=== TASK GOAL ===
Images do not belong in the copy. Retype all the entries below exactly.

=== EXTRACTED INFORMATION ===
------------------------------------------------------------------------
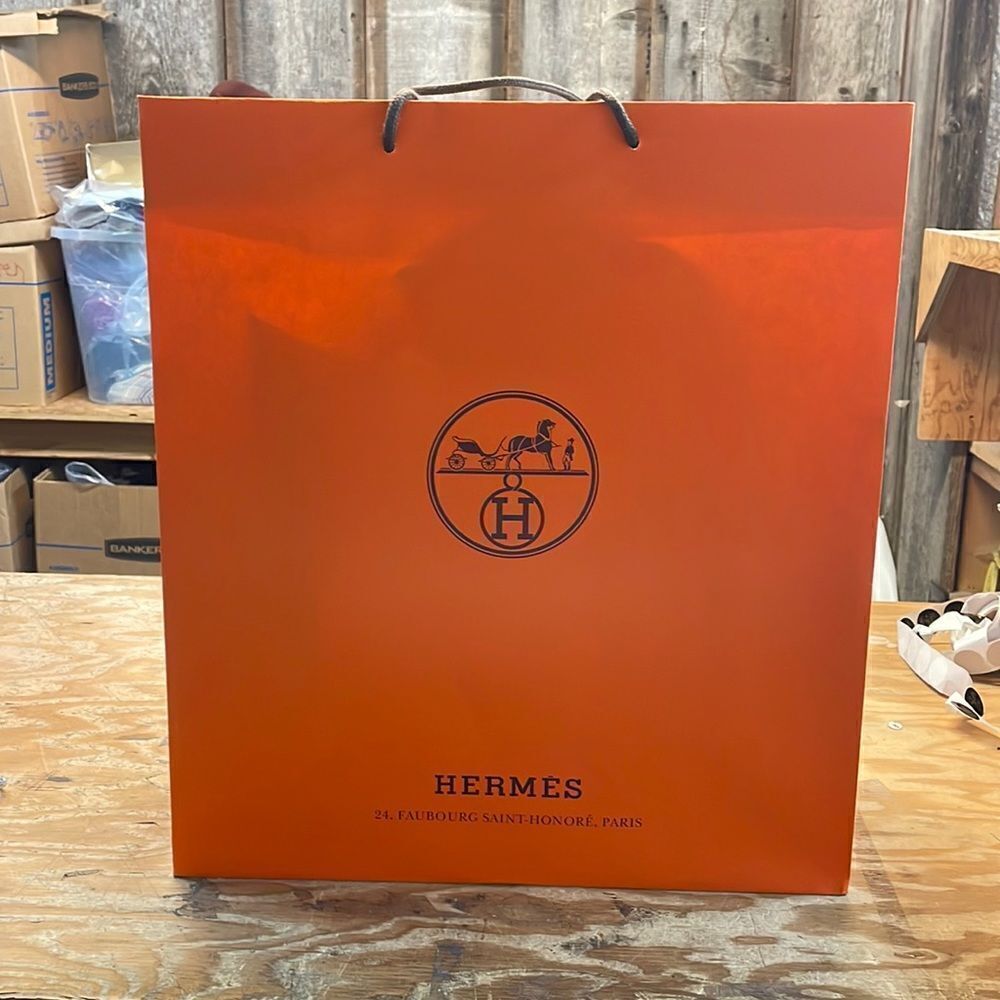 Hermes orange shopping bag. It’s empty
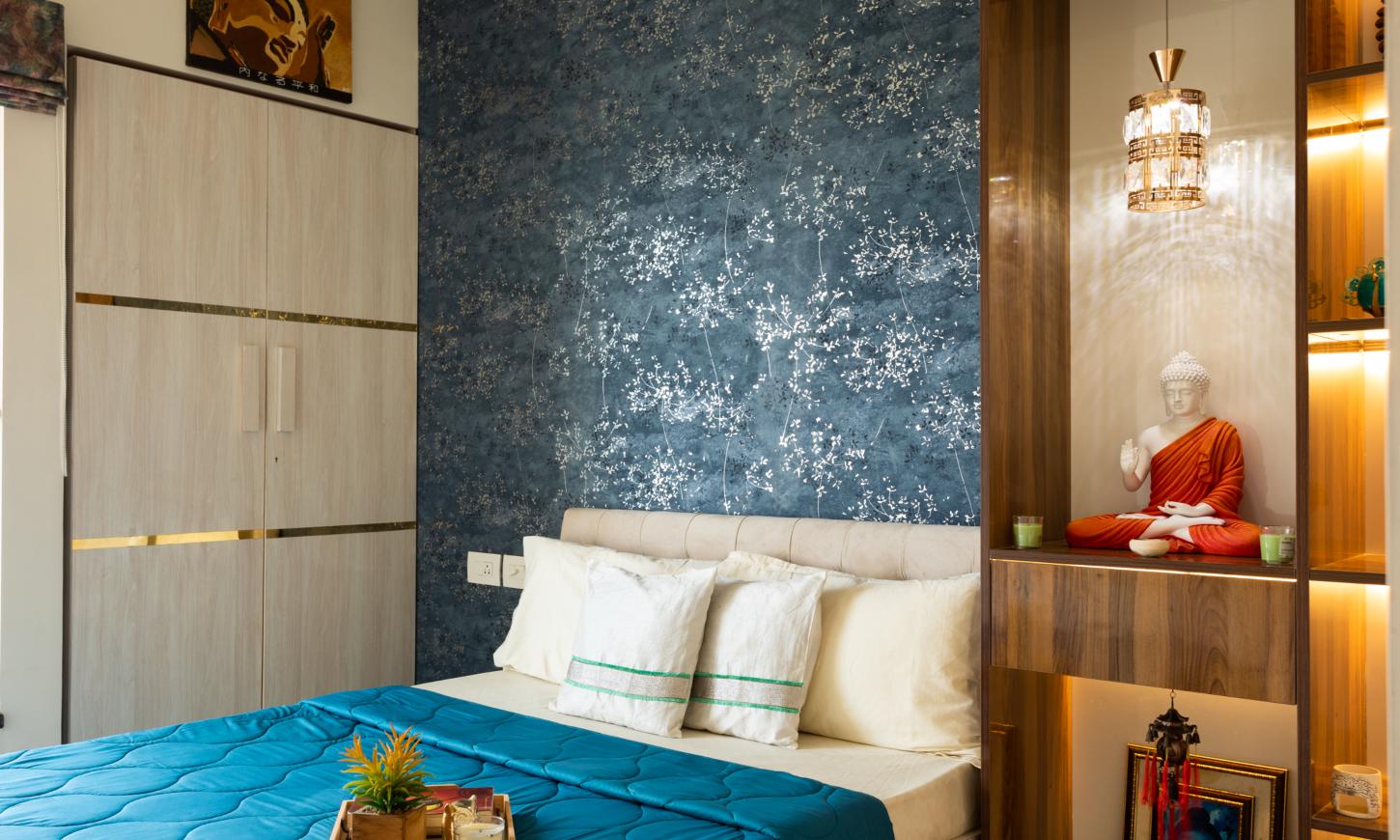 Designcafe designed the master bedroom of a 2 BHK apartment in Thane, featuring a built-in wardrobe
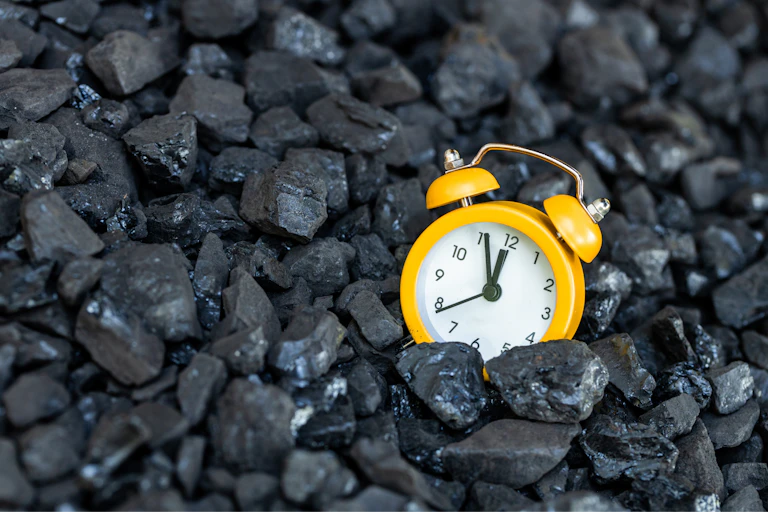 yellow clock on bed of black coal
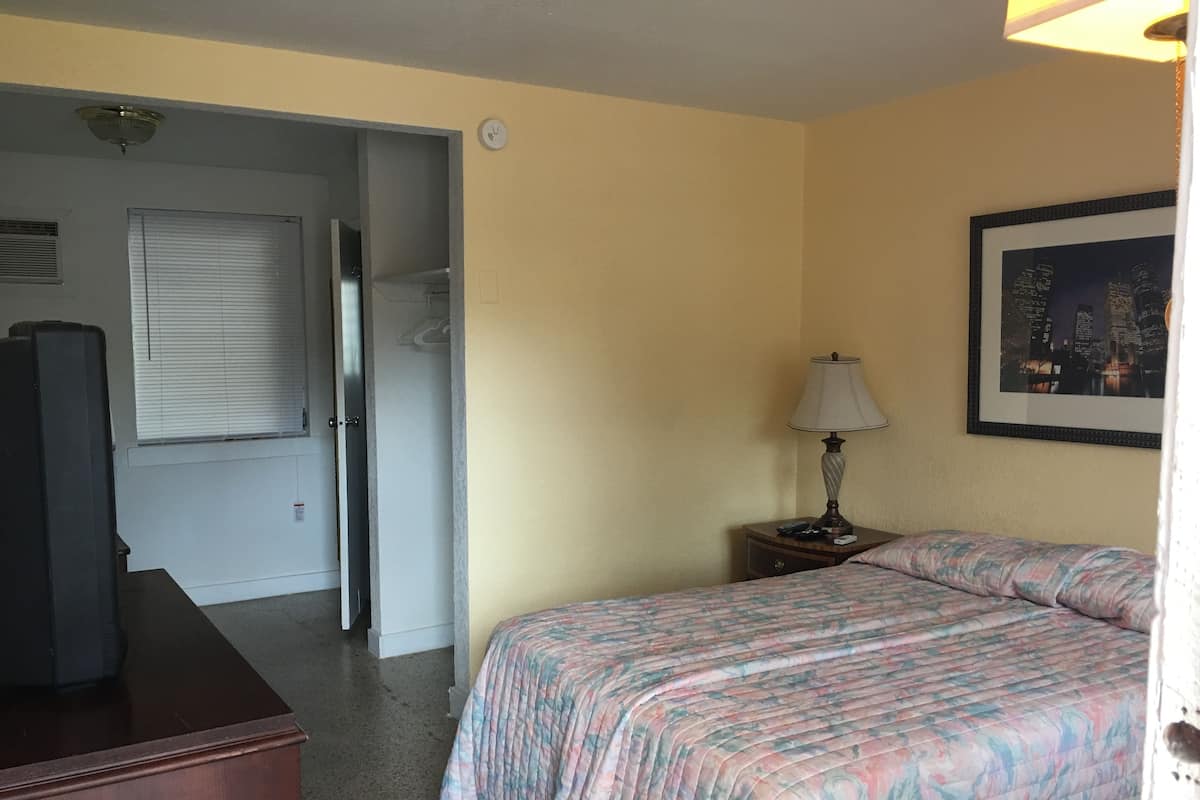 A hotel room with a bed, a nightstand with a lamp, a television, and a door leading to another room.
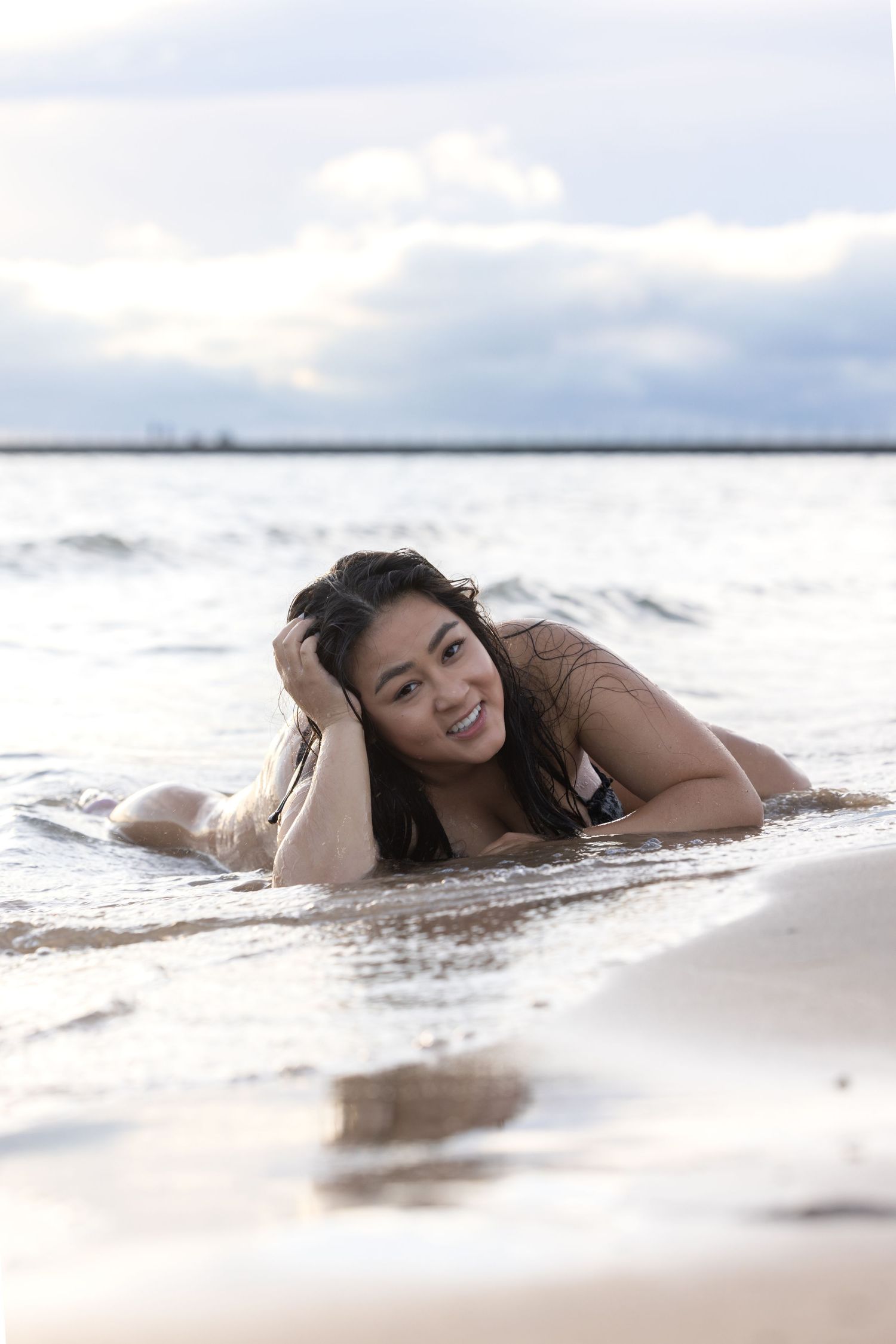 Smiling woman with wet hair lying in shallow ocean waves on a cloudy beach.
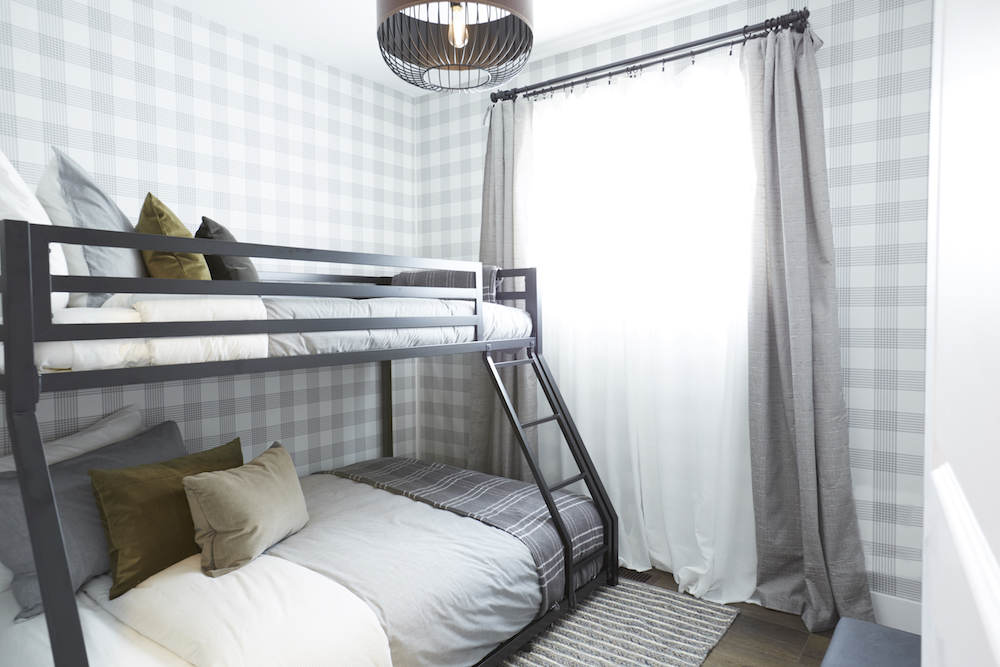 Checkered wallpaper in bedroom with bunk bed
------------------------------------------------------------------------
=== PROBLEM SOLUTION ===
 Hermes orange shopping bag. It’s empty
 Designcafe designed the master bedroom of a 2 BHK apartment in Thane, featuring a built-in wardrobe
 yellow clock on bed of black coal
 A hotel room with a bed, a nightstand with a lamp, a television, and a door leading to another room.
 Smiling woman with wet hair lying in shallow ocean waves on a cloudy beach.
 Checkered wallpaper in bedroom with bunk bed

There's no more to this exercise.